Jeden litr – rozsądek czy absurd?

Nieco zaskakujący jest fakt, że pod maską testowanej Skody Octavii Combi w wersji Drive pyrkotał sobie radośnie zaledwie litrowy motorek. Trzy cylindry o łącznej objętości skokowej dorównującej kartonowi mleka generują 115 KM i dość skromny maksymalny moment obrotowy 200 Nm. Silnik współpracuje z siedmiobiegową przekładnią DSG, która próbuje bronić honoru bardzo skromnej jednostki. Skrzynia płynnie dobiera przełożenia, bez nieprzyjemnych szarpnięć, jednak bardzo wcześnie wrzuca wyższe biegi. Piątkę możemy zobaczyć już przy 40 km/h. Zapewne ma to służyć oszczędności (o której za moment), ale w praktyce sprawia, że Octavia na niskich obrotach jest nieco flegmatyczna.

O downsizingu przez lata mówiło się dużo i namiętnie, jakoby miał być lekiem na całe zło. Jednak ostatnio okazuje się, że nie do końca jest to słuszne założenie. Mimo, że Octavia Combi jest dość lekkim autem (jej masa własna to zaledwie 1272 kg), to średnie zużycie paliwa w mieście znacznie przekracza 7 litrów. Realnie w normalnej eksploatacji trzeba liczyć się ze zużyciem około 8-8,5 l/100 km. Jednak jeśli utkniemy w drastycznych korkach, wykarmienie litrowej Octavii nie będzie zbyt łatwe, bo niepozorny żarłok wypije i 11 litrów!

Polecamy: Skoda Citigo jak Lamborghini? TEST malucha

Nieco lepiej jest w trasie podczas bardzo spokojnej jazdy. Wówczas jesteśmy w stanie osiągnąć zużycie paliwa na poziomie 6-6,5 litra. To lepszy wynik, jednak nadal nijak się ma do obiecywanych przez producenta 4,3 l w poza miastem.

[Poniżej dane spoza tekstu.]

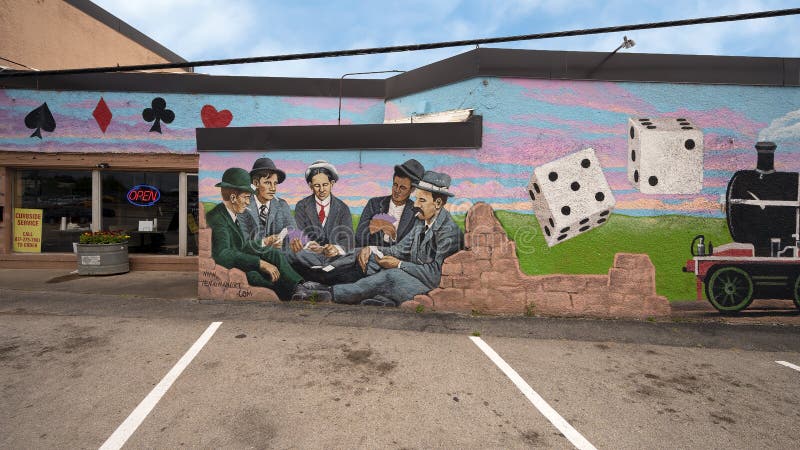 Pictured is a mural painted by Henigman Art featuring gambling dice and poker players.  It was created in 1931 on what was then the Triangle Inn, a restaurant that featured jazz bands, illegal booze and gambling.  The restaurant was midway between Arlington Downs Racetrack and the notorious Top O` Hill Casino.  Today the restaurant has become Jambo`s Barbecue Shack in the City of Arlington, Texas. Pictured is a mural painted by Henigman Art featuring gambling dice and poker players.  It was created in 1931 on what was then the Triangle Inn, a restaurant that featured jazz bands, illegal booze and gambling.  The restaurant was midway between Arlington Downs Racetrack and the notorious Top O` Hill Casino.  Today the restaurant has become Jambo`s Barbecue Shack in the City of Arlington, Texas.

Poza niemałym zużyciem paliwa, silnik 1.0 TSI ma jeszcze jedną wadę. Mianowicie system Start&Stop. Przez dwa dni testu w ogóle odmawiał współpracy (nawet gdy silnik był rozgrzany, a na dworze nie było trzaskających mrozów). Gdy w końcu nabrał zapału do działania, robił to w tak mało subtelny sposób, jak by nagle ktoś wyjął mu świece zapłonowe. Silnik gaśnie nawet gdy ledwo muskamy stopą pedał hamulca, by za sekundę ruszyć spod świateł. W momencie odpalenia cały samochód się trzęsie w sposób charakterystyczny dla trzycylindrowej jednostki, jednak po chwili motor stabilizuje swoją pracę. To jednak niewątpliwa zaleta – w kabinie nie odczujemy drgań tak typowych dla trzycylindrowych silników.

Cena i podsumowanie

Cennik Skody Octavii Combi rozpoczyna się od 66 750 zł za bazową wersję wyposażenia Active z silnikiem 1.2 TSI. Testowany egzemplarz to wersja Drive, która większością elementów pokrywa się z popularną wersją Active (ale bez dopłaty ma m.in. tylne czujniki parkowania, automatyczną klimatyzację, tempomat, 8-calowe radio Bolero czy system multimedialny z opcją Smart Link). Koszt takiej wersji z silnikiem 1.0 TSI o mocy 115 KM i z automatyczną skrzynią biegów DSG o siedmiu przełożeniach, to 90 190 zł.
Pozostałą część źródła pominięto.